Loralee Stevens, Assistant Dean of Community Outreach at JCCC, testified about JCCC's various locations. But after Gateway objected on the bases of speculation, foundation, and hearsay, the trial court did not permit her to testify as to why JCCC's student enrollment decreased when classes were moved from the mall to the Bishop Miege property. Stevens' affidavit, however, stated that it was her job to monitor student attendance and that based on the evidence she had gathered, enrollment decreased at the Bishop Miege site because it was an inferior facility with less accessibility and visibility than the mall.

After hearing the evidence and arguments of counsel, the trial court granted judgment to JCCC on its breach of contract, wrongful eviction, and promissory estoppel claims. The court held JCCC's failure to produce evidence of intentional misconduct or malice on Gateway's part prevented JCCC from prevailing on its claim of tortious interference. The court awarded JCCC damages, including $38,330 in unrecovered amortization costs (a pro-rata amount of the $100,000 spent on mall construction); $208,707.79 in outside-construction expenses for the junior high school; and $10,000 in in-house construction expenses for the junior high school. It also awarded JCCC $82,442.92 in attorneys' fees. The court declined to award damages for lost profits based on lost student enrollment at the Bishop Miege property because there was insufficient evidence to establish that the new location caused the drop in enrollment.

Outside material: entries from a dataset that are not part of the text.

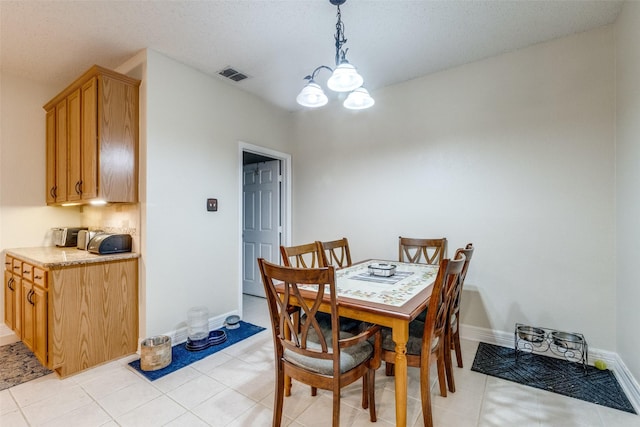 1109 Huntington Trl, Mansfield, TX 76063 - dining space with a chandelier, baseboards, light tile patterned floors, and a textured ceiling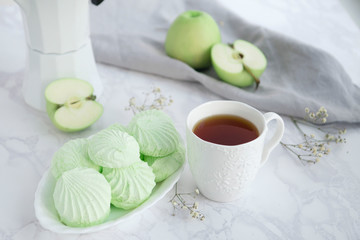 Apple marshmallow with tea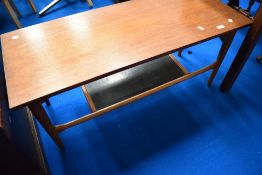 A vintage teak coffee table having slate undershelf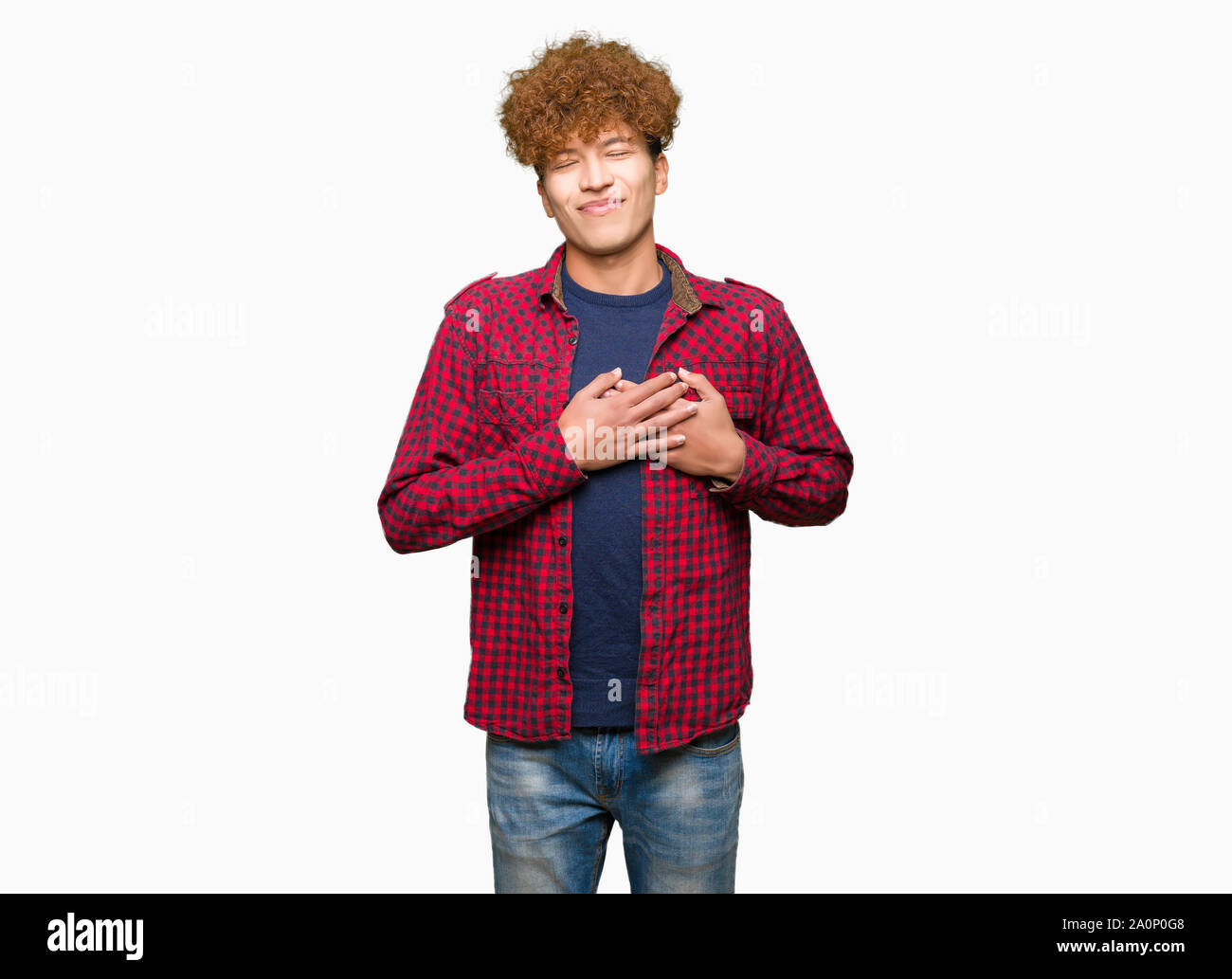 Giovane studente bello uomo con capelli Afro indossa una camicia sorridente con le mani sul petto con gli occhi chiusi e grato gesto sul viso. Concetto di salute. Foto Stock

Gateway filed a motion to reconsider, arguing in part that the $100,000 in damages to compensate JCCC for remodeling the mall was not supported by evidence in the record. At a hearing on the motion, the trial court made a finding of fact that JCCC spent $100,000 remodeling the mall. The finding was based on the fact that Dr. Calaway testified that JCCC spent $100,000 on the mall remodel and that JCCC's demand letters stated that it had spent $100,000 remodeling the mall and Gateway's responses did not dispute that amount.

Gateway appeals the court's damages award, and JCCC cross-appeals the trial court's refusal to consider its punitive damages claim and finding that JCCC failed to prove that it lost students because it moved its classes to the Bishop...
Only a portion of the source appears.